My favorite is always the "aren't they kind of short for Shetlands?" - I usually get this one in referrence to something in the 42 inch range. Once I explain that 42 inches is pretty average and that they can only be 46 inches I hear a lot of "Oh, we must not have had a Shetland then".

You do run into the opposite situation sometimes - the people who had registered Shetlands when they were young and are thrilled to hear that someone has them. Those people often went through the boom and bust era and aren't sure that the registered pony even still exists. It is always a treat to meet these people and hear about ponies from the past.


----------



## Beccy (Mar 16, 2006)

I am not a Shetland breeder, I do have three unregistered Shetlands (as well as several larger ponies) that have been our kids's ponies and are still here (forever!) however this is one of my pet peeves so I am going to add my 2 cents worth.

I am sick and tired of arguing that ponies are no nastier than horses, but people who have that in their heads don't seem to change their minds.

I really feel that ponies are often "trained" by children either because of their size, or because they were bought as youngsters and left to children to look after. Many children have no idea when or how to correct a pony and the result is an animal who thinks they can run the show. I have known so many wonderful, well schooled ponies, and by the same token have known a few horrid horses. I think much of it comes down (temperament aside) to how they have been raised/handled. (or complete lack of handling)

I have had this ongoing argument with a neighbour of ours for years now, because as a child he had a "nasty" pony, so therefore all ponies must be nasty



:

I love my ponies



:


----------



## CLC Stables (Mar 16, 2006)

I used to.................NOW I EDUCATE...........I get so many people interested in my horses because of my educating them on the true characteristics of the breeds.


----------



## chandab (Mar 16, 2006)

I don't have Shetlands, but especially since having the minis; I run into people who bad mouth Shetlands as being evil and ill tempered. Most of the ponies they are referring to are grade ponies that children have spoiled. I've come across so many people that refer to all ponies as Shetlands. Most people are amazed when I tell them my minis are very sweet and well-behaved, even my 2 year old stallion is pretty well-behaved (the little walking hormone that he is :bgrin ). I also try to tell them that today's Shetland's and pretty much all registered Shetlands are nothing like the pony they remember in looks or temperament.


----------



## keeperofthehorses (Mar 16, 2006)

I don't mind educating non-horsey people about my sweet shetties. They usually have an open mind and are pleasantly surprised and easily won over.

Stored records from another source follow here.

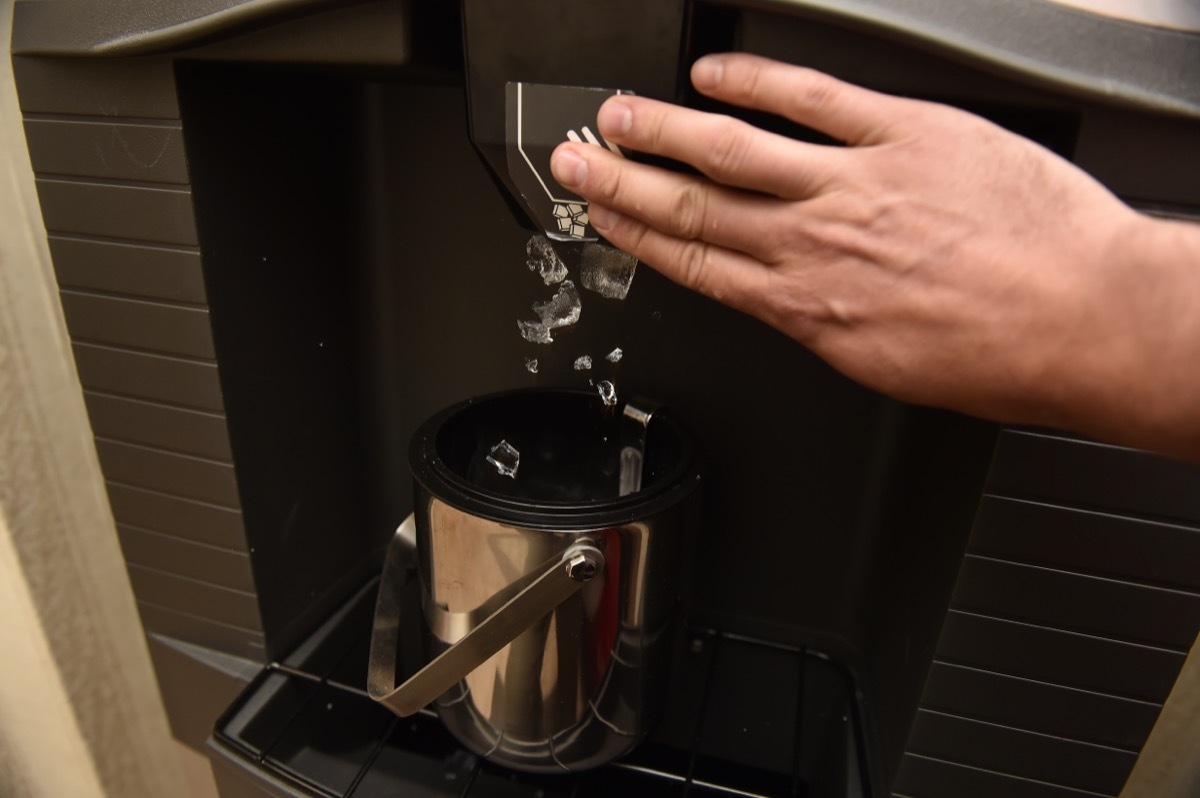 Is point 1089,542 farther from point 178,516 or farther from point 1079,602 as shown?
point 178,516

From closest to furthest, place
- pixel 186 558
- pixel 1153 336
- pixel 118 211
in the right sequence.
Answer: pixel 1153 336 < pixel 118 211 < pixel 186 558

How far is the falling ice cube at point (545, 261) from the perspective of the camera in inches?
24.1

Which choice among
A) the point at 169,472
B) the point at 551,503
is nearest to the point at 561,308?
the point at 551,503

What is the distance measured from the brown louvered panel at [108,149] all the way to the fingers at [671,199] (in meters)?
0.27

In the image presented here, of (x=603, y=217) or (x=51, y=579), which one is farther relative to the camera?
(x=51, y=579)

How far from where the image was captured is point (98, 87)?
1.61ft

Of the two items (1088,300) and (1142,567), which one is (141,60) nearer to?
(1088,300)

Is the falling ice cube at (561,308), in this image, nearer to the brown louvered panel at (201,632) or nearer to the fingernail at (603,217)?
the fingernail at (603,217)

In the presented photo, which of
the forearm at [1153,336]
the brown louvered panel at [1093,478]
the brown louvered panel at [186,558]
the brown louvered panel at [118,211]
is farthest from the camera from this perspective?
the brown louvered panel at [186,558]

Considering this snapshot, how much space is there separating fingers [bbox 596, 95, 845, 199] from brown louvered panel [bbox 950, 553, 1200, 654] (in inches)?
9.3

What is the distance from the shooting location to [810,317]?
35 centimetres

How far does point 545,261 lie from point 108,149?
0.30 metres

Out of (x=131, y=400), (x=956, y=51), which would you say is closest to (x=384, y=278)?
(x=131, y=400)

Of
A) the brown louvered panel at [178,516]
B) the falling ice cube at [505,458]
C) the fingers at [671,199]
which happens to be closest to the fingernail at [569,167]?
the fingers at [671,199] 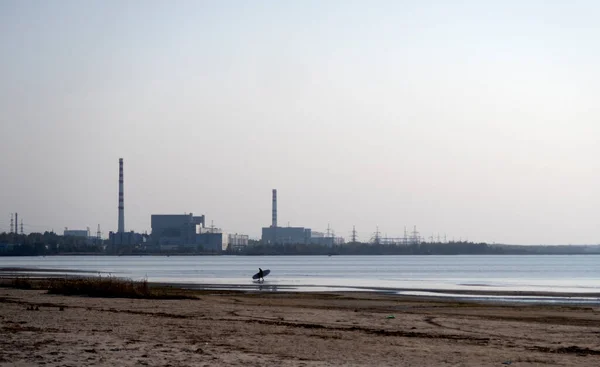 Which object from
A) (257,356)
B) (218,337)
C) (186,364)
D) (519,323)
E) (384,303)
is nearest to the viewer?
(186,364)

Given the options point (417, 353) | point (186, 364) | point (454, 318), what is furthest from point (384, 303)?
point (186, 364)

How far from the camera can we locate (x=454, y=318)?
98.8ft

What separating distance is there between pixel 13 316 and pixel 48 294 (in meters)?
16.3

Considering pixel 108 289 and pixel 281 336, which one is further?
pixel 108 289

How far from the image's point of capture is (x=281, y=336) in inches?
890

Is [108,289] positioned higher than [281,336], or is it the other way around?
[108,289]

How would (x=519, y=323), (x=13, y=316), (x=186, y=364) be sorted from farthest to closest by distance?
(x=519, y=323), (x=13, y=316), (x=186, y=364)

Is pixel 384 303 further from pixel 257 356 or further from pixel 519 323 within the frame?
pixel 257 356

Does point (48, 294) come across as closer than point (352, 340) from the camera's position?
No

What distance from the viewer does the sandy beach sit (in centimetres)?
1780

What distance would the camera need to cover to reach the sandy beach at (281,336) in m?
17.8

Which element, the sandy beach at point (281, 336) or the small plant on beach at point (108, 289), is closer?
the sandy beach at point (281, 336)

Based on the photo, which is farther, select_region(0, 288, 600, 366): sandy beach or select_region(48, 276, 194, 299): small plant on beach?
select_region(48, 276, 194, 299): small plant on beach

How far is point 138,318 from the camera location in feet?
89.7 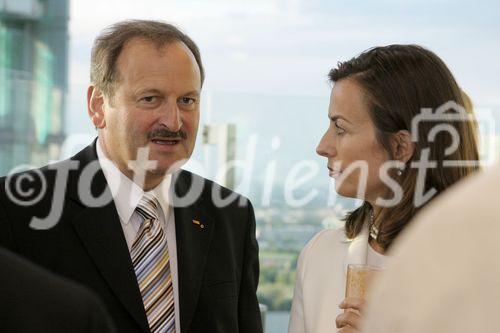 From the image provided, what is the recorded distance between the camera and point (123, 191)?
2062mm

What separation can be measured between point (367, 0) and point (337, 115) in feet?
9.39

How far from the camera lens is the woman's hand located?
1599 mm

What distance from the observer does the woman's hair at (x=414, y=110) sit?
1.86m

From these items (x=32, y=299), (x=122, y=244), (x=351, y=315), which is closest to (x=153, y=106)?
(x=122, y=244)

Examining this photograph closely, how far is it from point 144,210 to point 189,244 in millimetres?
143

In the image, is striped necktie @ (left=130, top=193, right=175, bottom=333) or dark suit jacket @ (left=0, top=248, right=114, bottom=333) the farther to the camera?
striped necktie @ (left=130, top=193, right=175, bottom=333)

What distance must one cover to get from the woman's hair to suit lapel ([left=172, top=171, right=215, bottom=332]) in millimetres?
460

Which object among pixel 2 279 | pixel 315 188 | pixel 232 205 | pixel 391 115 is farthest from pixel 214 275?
pixel 315 188

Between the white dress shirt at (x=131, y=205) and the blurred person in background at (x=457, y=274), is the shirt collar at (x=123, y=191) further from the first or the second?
the blurred person in background at (x=457, y=274)

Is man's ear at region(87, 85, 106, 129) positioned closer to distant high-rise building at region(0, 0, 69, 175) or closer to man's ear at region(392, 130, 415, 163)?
man's ear at region(392, 130, 415, 163)

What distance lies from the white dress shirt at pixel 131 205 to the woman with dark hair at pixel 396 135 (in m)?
0.41

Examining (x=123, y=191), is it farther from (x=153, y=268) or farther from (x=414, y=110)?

What does get under my skin is long-time breeders of any breed of horse bad mouthing them. They of all people should know that there are dark characters in any breed, and that shouldn't define a breed as a whole. I even see that here on occasion.



:

I've come to expect the nastiness from the cow-horse people around my area too. They always say something smart, usually with the words "useless" or "dog food" in their witty comments. I just come back with my own smart @#$ comment about finding shetties more fun and interesting than their "dime-a-dozen cow horses". Don't worry stock horse fanciers, I have my own APHA horse who is very loved.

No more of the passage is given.